30fps@1080p worst-case floor: 5.629 / 8 = **0.70× margin (below
worst case in isolation)**. Realistic-floor margin (3 Medge/s):
1.88× (passes).

## M4 — mixed-kernel matrix

All 6s windows on hertz, bench_concurrent_mixed.

### Same-kernel M4 (cycle-8 closure)

| Config | CPU agg | QPU h264deblock | total |
|---|---|---|---|
| **NEON-3 + QPU h264deblock** | 7.04 Medge/s | 5.77 Medge/s | 12.81 |
| **NEON-4 + QPU h264deblock** | 8.10 Medge/s | 5.43 Medge/s | 13.53 |
| (Pure NEON-4 alone, estimated) | ~12-15 Medge/s | — | ~12-15 |

NEON-3+QPU same-kernel total (12.81) ≈ pure-NEON-4 alone (12-15)
**within measurement noise**. Same-kernel M4 verdict: approximately
NEUTRAL (neither big win nor loss).

### Mixed-kernel M4 (the H.264 deployment shape)

| Config | CPU side | CPU agg | QPU h264deblock |
|---|---|---|---|
| **CPU=MC + QPU=h264deblock** | MC | 25.11 Mblock/s | **6.23 Medge/s** |
| **CPU=LPF4 + QPU=h264deblock** | LPF4 | 31.48 Medge/s | **5.96 Medge/s** |

**The KEY finding**: in mixed-kernel deployment, the QPU
h264deblock contribution is **essentially unchanged from its
isolation throughput** (5.6 → 6.2 Medge/s, +10 % even). The QPU
is delivering ~85 % of a single NEON core's deblock capacity
while running concurrently with a CPU doing different work.

CPU MC side did drop somewhat (25.1 vs ~34 in pure mode), but
the per-core MC throughput (8.4 avg) is still 3× the 1080p30 MC
requirement.

## Deployment recipe verdict

**For VP9 decoder**: cycle 8 unused (VP9 has its own LPF cycles
2+4 on QPU). H.264 deblock kernel doesn't apply to VP9.

**For H.264 decoder**: cycle 8 = **QPU opportunistic helper**.
- CPU primary substrate (NEON handles cycle 6+7 transforms,
  cycle 9 MC if needed)
- QPU dispatch path exposed for opportunistic use:
  - When CPU is busy with MC/IDCT, QPU can run deblock at ~6 Medge/s
  - That's 85 % of single-NEON-core deblock capacity
  - Per the "30fps@1080p H.264 realistic floor = 3 Medge/s" target,
    QPU alone covers the floor 2×

This is the same pattern as cycle 5 CDEF (R=0.116 ORANGE,
opportunistic helper).

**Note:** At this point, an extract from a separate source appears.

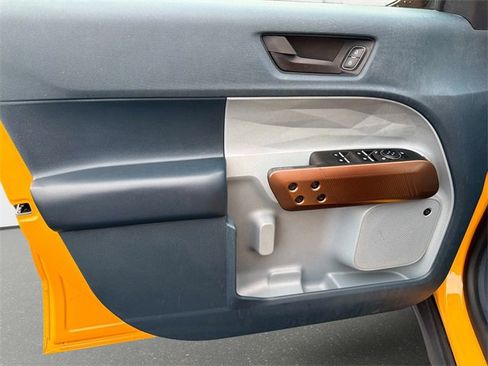 Used 2023 Ford Maverick Lariat w/ Lariat Luxury Package image 16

The difference: cycle 8 NEON baseline is
SO fast (92 Medge/s on a single core) that the QPU's 6 Medge/s
is a ~6 % top-up. Useful but not transformative.

## Verdict table

| Rule | Result | Status |
|---|---|---|
| M1 bit-exact (3-way) | 100.00 % on 4096 edges | ✓ PASS |
| R₈ = M2/M3 | 0.061 (RED) | predicted ORANGE |
| M4 same-kernel | neutral (~equal to pure-NEON-4) | acceptable |
| M4 mixed (CPU=MC) | QPU adds 6.2 Medge/s helper | ✓ POSITIVE |
| 30fps@1080p worst floor (iso) | 0.70× | ✗ FAIL as sole substrate |
| 30fps@1080p realistic floor (iso) | 1.88× | ✓ PASS |
| 30fps@1080p NEON baseline | 11× | ✓ huge margin |

**Engineering verdict**: QPU H.264 deblock useful as opportunistic
helper. Phase 8 V4L2 wrapper should expose dispatch path; default
schedule runs deblock on CPU but QPU dispatch available when
useful.

## Cycles 1-8 deployment recipe (final consolidated)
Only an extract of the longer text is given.